» Your goal
Give back every line of the material exactly. Skip the pictures.

» Data shown
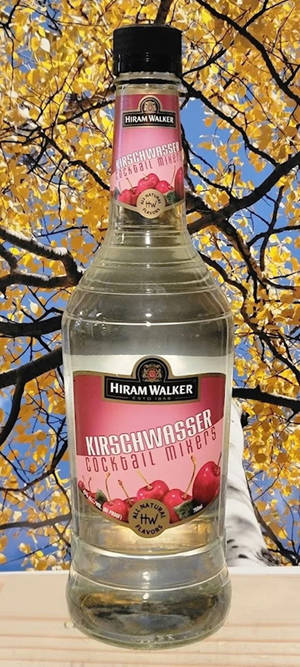 Hiram Walker Kirschwasser Cocktail Mixers Photography — POCO M7 Обои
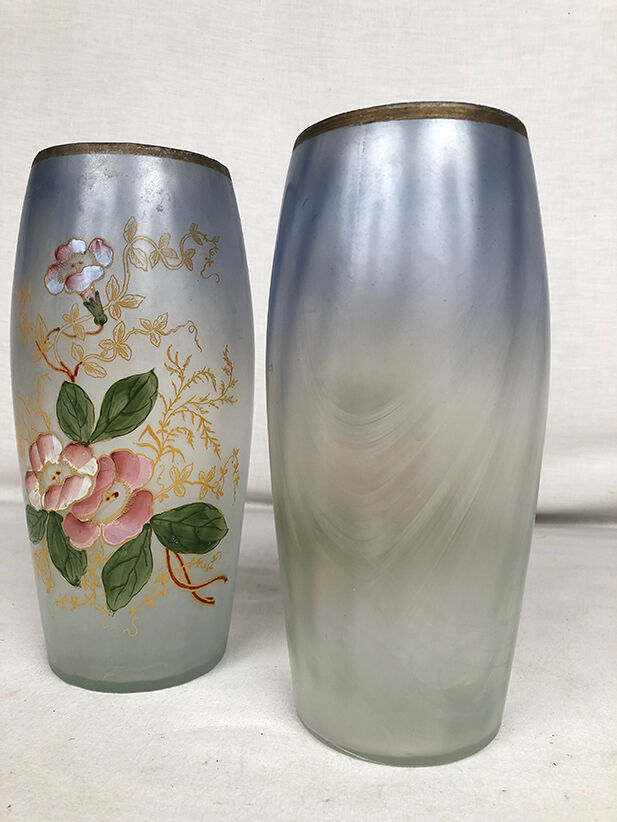 Pair of ovoid vases decorated with flowers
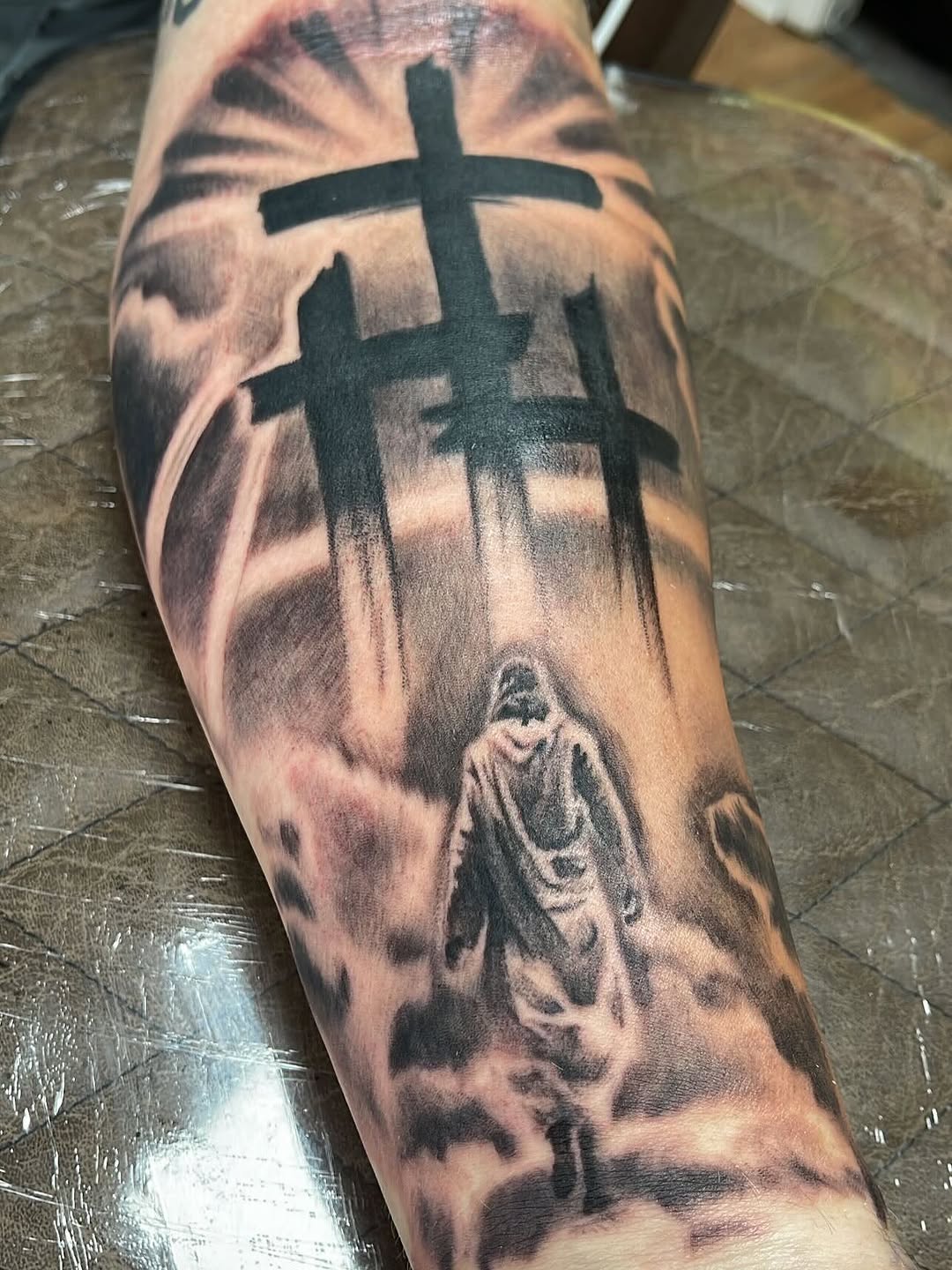 Tattoo by @tobiaztattooz — black_and_grey, realism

» Solution for this task
 Hiram Walker Kirschwasser Cocktail Mixers Photography — POCO M7 Обои
 Pair of ovoid vases decorated with flowers
 Tattoo by @tobiaztattooz — black_and_grey, realism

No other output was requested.